> Brief
Your answer must consist of every line from the data below that includes the word "create".

> Entries provided
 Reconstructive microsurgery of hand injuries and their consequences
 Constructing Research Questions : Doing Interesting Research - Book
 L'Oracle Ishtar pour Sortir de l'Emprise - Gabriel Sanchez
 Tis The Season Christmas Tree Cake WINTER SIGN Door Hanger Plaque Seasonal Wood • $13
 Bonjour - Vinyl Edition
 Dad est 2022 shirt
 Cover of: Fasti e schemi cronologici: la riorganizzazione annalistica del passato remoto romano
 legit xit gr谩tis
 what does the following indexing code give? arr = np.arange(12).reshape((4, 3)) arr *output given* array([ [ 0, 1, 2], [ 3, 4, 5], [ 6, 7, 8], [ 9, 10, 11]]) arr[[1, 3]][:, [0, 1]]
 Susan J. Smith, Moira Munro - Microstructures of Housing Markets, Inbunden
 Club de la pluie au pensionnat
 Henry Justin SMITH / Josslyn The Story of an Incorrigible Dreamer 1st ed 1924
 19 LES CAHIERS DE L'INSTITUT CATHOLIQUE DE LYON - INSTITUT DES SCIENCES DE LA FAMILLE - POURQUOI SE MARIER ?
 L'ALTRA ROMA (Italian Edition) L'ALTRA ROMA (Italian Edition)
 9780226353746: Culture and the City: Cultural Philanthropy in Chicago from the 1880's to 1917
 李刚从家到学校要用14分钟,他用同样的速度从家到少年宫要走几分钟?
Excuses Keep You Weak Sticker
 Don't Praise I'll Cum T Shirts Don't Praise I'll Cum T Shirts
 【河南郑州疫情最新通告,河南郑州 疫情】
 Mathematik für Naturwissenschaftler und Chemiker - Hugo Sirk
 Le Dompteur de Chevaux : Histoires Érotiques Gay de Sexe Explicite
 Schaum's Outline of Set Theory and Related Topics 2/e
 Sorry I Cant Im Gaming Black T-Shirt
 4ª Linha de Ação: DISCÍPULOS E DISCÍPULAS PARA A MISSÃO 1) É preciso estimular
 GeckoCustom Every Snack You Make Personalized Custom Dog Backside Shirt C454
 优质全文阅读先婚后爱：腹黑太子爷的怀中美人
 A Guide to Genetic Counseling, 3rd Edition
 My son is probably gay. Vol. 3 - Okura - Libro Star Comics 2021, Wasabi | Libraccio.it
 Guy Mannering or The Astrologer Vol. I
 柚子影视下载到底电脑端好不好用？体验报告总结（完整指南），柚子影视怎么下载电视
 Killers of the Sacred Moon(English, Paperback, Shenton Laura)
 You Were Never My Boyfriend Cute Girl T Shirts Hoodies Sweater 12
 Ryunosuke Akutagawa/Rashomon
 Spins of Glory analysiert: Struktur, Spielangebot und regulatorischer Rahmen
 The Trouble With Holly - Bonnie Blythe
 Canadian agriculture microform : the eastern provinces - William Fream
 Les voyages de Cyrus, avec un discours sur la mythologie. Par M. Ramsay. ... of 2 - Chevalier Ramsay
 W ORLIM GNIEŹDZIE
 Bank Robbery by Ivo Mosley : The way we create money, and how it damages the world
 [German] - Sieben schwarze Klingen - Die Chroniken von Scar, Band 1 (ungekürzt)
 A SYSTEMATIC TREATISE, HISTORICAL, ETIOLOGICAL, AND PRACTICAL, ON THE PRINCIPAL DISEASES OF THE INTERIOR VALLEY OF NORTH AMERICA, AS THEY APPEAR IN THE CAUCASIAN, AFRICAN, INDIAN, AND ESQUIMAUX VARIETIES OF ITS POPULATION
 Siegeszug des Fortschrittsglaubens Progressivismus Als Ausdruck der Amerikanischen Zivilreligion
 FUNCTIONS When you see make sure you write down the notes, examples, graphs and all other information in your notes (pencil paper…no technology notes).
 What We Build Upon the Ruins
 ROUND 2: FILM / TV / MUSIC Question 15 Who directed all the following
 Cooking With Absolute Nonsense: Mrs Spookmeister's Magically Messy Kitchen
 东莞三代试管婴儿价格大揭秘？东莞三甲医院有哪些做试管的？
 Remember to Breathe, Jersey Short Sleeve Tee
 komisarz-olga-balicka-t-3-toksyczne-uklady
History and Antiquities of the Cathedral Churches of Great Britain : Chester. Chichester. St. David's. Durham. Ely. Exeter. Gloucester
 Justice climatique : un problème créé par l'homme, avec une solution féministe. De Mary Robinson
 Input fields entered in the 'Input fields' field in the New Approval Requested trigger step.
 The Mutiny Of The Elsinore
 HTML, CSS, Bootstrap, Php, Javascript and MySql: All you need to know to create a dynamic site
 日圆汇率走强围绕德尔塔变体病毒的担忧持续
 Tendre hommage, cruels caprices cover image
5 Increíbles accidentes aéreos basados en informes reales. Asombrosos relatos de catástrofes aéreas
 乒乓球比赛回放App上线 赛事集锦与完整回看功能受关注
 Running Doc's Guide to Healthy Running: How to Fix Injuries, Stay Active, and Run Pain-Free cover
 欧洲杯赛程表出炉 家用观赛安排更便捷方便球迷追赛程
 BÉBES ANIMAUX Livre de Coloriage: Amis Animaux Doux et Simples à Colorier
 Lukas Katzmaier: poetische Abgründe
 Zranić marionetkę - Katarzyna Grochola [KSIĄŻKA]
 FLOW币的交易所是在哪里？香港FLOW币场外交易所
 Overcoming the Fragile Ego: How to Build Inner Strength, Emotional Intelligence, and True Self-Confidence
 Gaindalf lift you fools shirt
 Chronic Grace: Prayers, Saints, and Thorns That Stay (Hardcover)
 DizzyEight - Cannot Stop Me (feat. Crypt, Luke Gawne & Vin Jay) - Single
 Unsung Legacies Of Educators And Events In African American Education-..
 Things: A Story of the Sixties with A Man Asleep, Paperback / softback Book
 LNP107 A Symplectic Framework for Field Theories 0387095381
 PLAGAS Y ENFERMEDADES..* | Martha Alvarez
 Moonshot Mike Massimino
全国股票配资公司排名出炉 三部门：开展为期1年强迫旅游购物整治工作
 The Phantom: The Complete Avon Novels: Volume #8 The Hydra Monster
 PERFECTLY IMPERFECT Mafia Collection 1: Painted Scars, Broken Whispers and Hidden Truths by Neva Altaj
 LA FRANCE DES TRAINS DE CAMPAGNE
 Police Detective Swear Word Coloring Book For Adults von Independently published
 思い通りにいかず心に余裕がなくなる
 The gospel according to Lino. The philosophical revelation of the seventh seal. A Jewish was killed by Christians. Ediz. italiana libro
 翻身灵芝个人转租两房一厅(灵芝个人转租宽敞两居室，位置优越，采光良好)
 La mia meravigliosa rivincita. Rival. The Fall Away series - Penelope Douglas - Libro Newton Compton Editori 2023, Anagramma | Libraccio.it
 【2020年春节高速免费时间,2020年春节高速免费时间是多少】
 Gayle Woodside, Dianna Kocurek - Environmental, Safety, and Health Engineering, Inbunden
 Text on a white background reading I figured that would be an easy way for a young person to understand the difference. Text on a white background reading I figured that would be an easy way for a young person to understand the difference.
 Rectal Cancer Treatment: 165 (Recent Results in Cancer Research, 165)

> Answer for the task
 Bank Robbery by Ivo Mosley : The way we create money, and how it damages the world
 HTML, CSS, Bootstrap, Php, Javascript and MySql: All you need to know to create a dynamic site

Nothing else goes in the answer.